Separate Legal Entity:- An LLP is a legal entity and a juristic person established under the Companies Act. It has its distinct name and is the creation of law. Being separate from its promoters/owners/ partners it can do business in its own name. It's a very easy form for doing business.
Less compliance:- There is no audit required up to 40 lakh rupees and less than 25 lakh capital contribution. That's why LLP is the best platform for small businesses and for a new startup.
Easy Transferability:- After registration of an LLP you can easily add any other partner after deciding his owner and contribution in LLP and also easily transferred to other's just you need to intimate to ROC after each and every changes in your LLP.
Area of business:- In an LLP the area of business in not limited after registration, you can build your team and globalize your business after few nominal document part. For doing business you have an open market you do your business with any doubts as you want.
Build own Property:- LLP can be purchased any kind of property like land, car, assets on the name of the company and they have also right to sell out their organization things but approval from all partner's side are required. Old designated partner's those have not any contribution in the LLP they have no right to claim LLP for its property.
Minimum 2 Partners are needed to Register an LLP in India, both partners should be the resident of India.
Partners have to apply for the DSC ( Digital Signature Certification), its needed while filings forms & also in future while filing ROC Return and many other things.
Partners have to apply for DIN Number that is mandatory to apply for partnership in Limited Liability Partnership Firm.
Registration Partners have to apply for the Name Application in ROC through the MCA Portal. Then ROC Approved the Name after the verification depends upon that there is no registered same name of other company or trademark.
Some forms are filled on MCA Portal after the name verification. During the Filings of forms we have to ensure about all the other things because when there is the chance of resubmission then we have to file again.
After Verification of the forms, ROC issued the main Certificate of Incorporation i.e is proof of the registration.
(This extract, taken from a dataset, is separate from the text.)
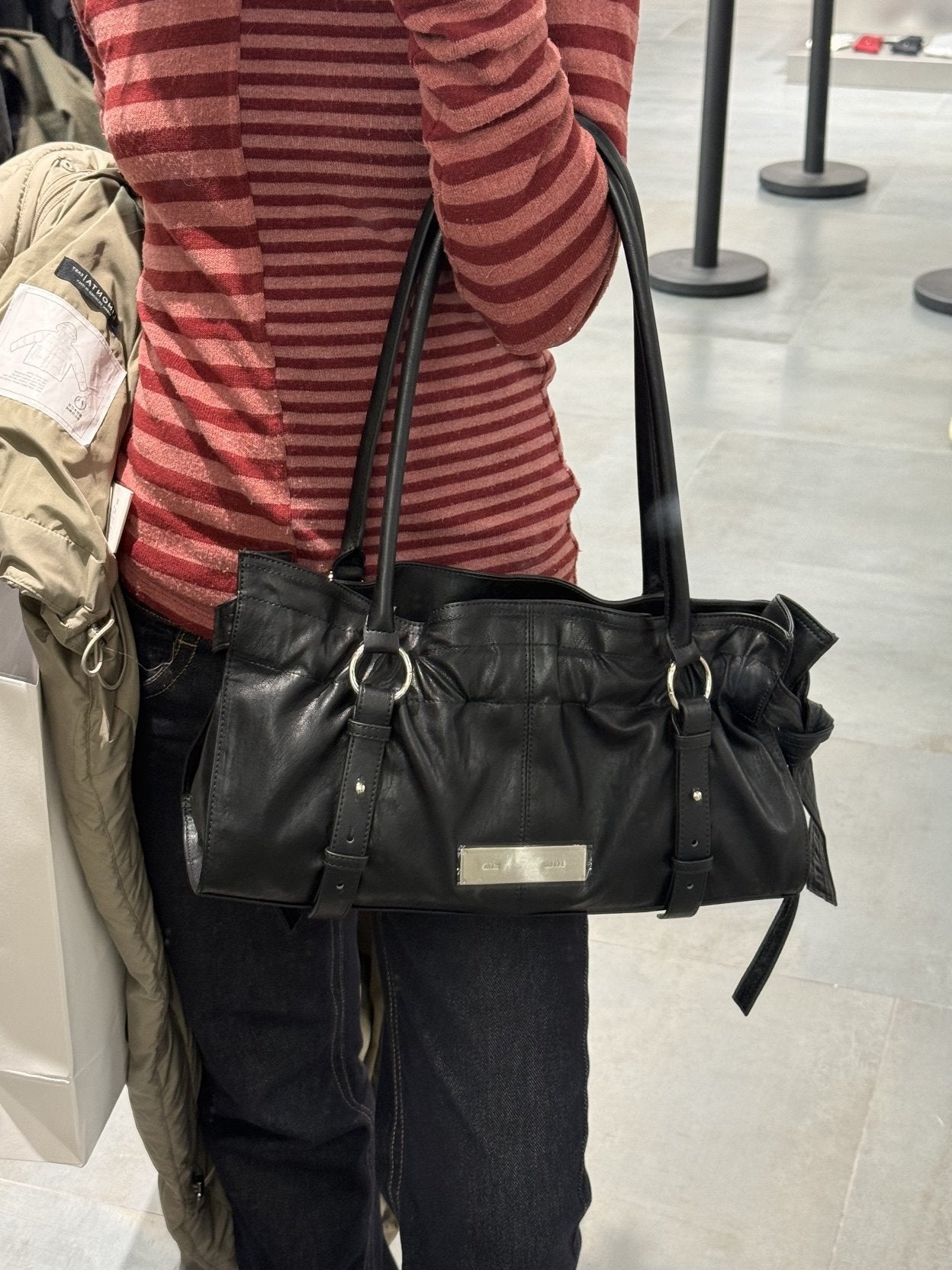 Women's Niche Pleated Underarm Portable Commuter Women's Shoulder Bag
After Receiving Certificate of Incorporation we have to open a current bank account in the name of LLP.
After Receiving of Certificate of Incorporation we have to File LLP Agreement to the ROC Office through MCA Portal. LLP Agreement is like a partnership firm agreements in that contain all the details regarding the partners.
The Limited Liability Partnership (LLP) is a company/firm which offers the benefits of both the partnership firms and the incorporated limited liability companies. In India, these LLPs are registered and regulated as per the LLP Act of 2008, and the LLP Rules of 2009.
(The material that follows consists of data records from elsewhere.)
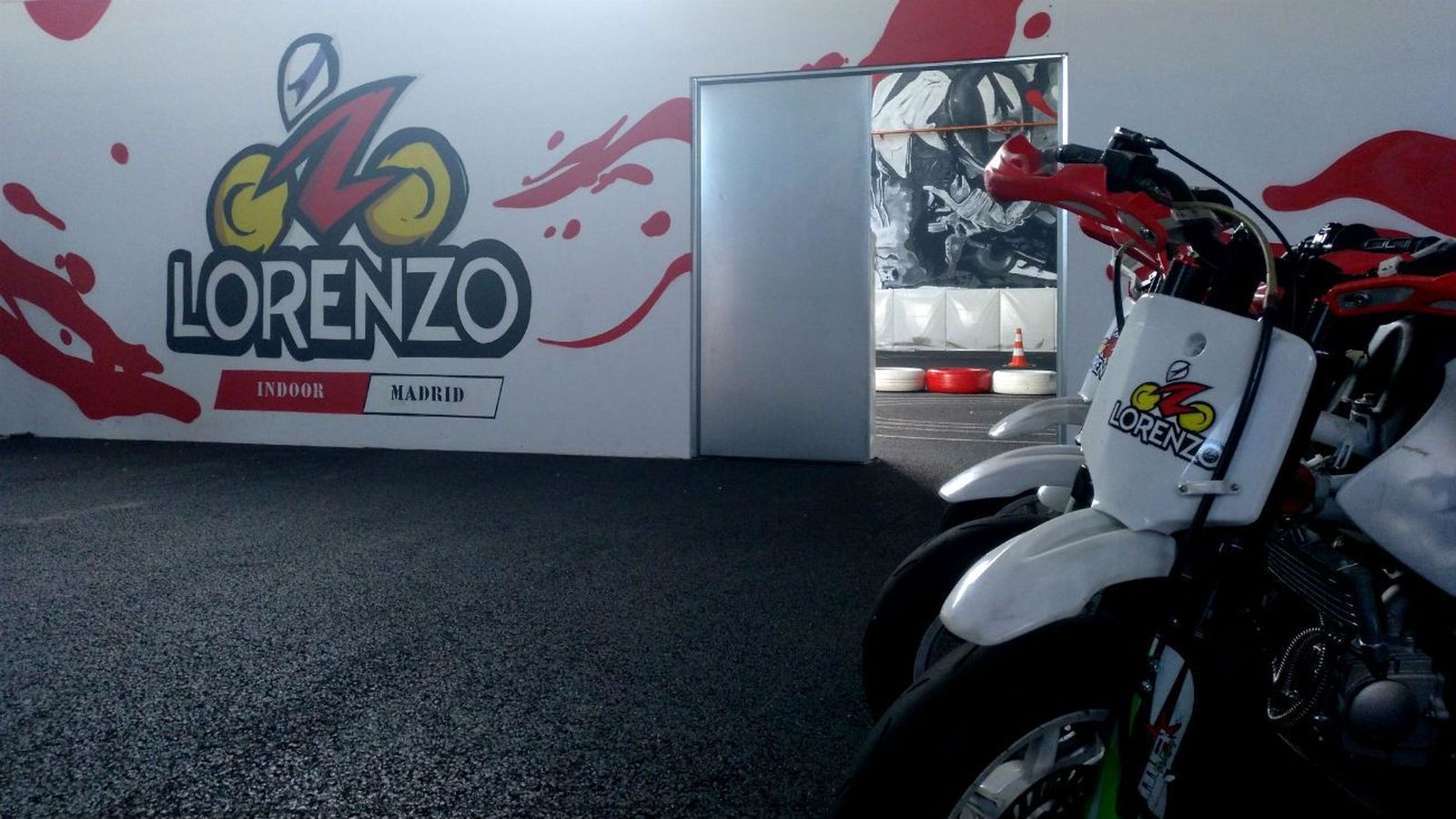 Chicho Lorenzo nos abre las puertas de su escuela de motociclismo de Algete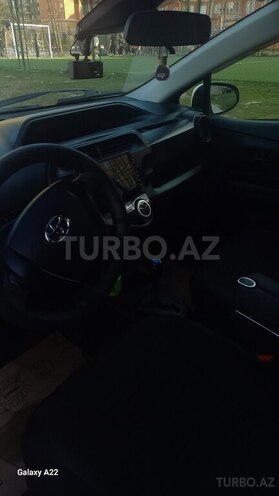 Toyota Aqua 2018, 156,500 km - 1.5 l - Bakı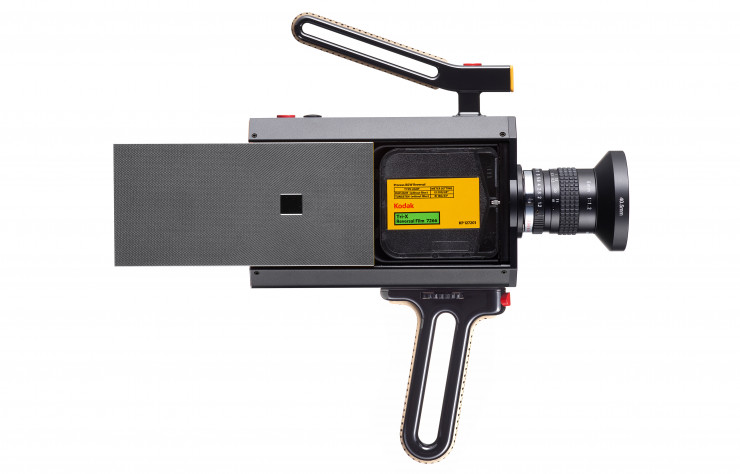 La caméra accepte le film argentique à nouveau fabriqué par Kodak mais aussi des supports numériques…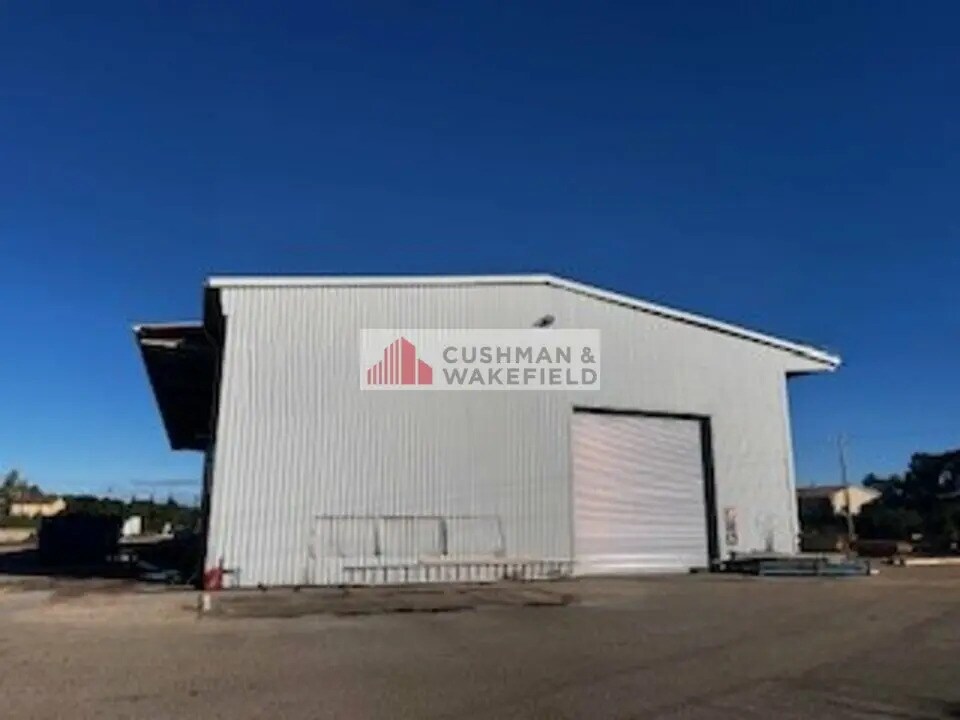 Flex in Remoulins for lease Building Photo- Image 1 of 4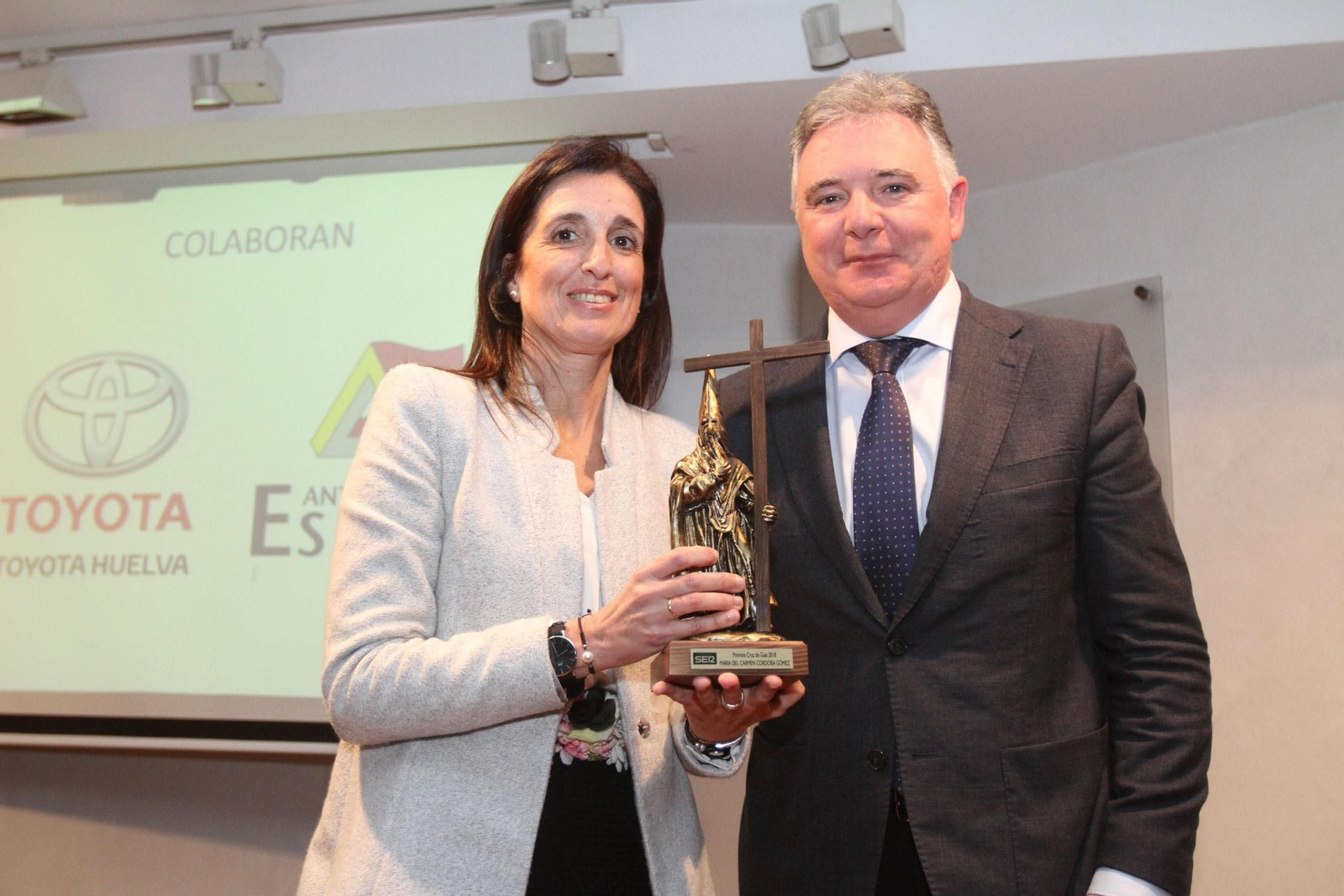 Reconocimiento a Carmen Córdoba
An LLP has no limit to the maximum number of partners. In the case of a private limited company, the maximum number of the shareholders has been kept at 200.The cost of incorporation of an LLP is lower than that for incorporation of a private or public limited company.
The LLP shall be a body corporate and a legal entity separate from its partners. Any two or more persons, associated for carrying on a lawful business with a view to profit, may by subscribing their names to an incorporation document and filing the same with the Registrar, form a Limited Liability Partnership.
Yes, a salaried person become the director in LLP, there are no legal bondages in this, but you have to go through with your employment agreement if it contains any restrictions on doing so. For government employee that is not possible if he/she is in a job.
For the purpose of taxation, LLPs are treated like Partnership Firms. The tax applicable to an LLP in India is 30%. In case, when the income of the LLP exceeds INR One Crore in any financial year, then Surcharge @ 10% will be applied.
There is any change in Partner and DP (admission, resignation, cessation, death, expulsion) should be filed e- form 4 within 30 days of change with fees. And also Supplementary LLP Agreement to be filed e- form 3 with ROC within 30 days with fees given the alteration in mutual rights and duties of partners and Form 4 shall include a statement signed by the incoming partner that he consents to become a partner.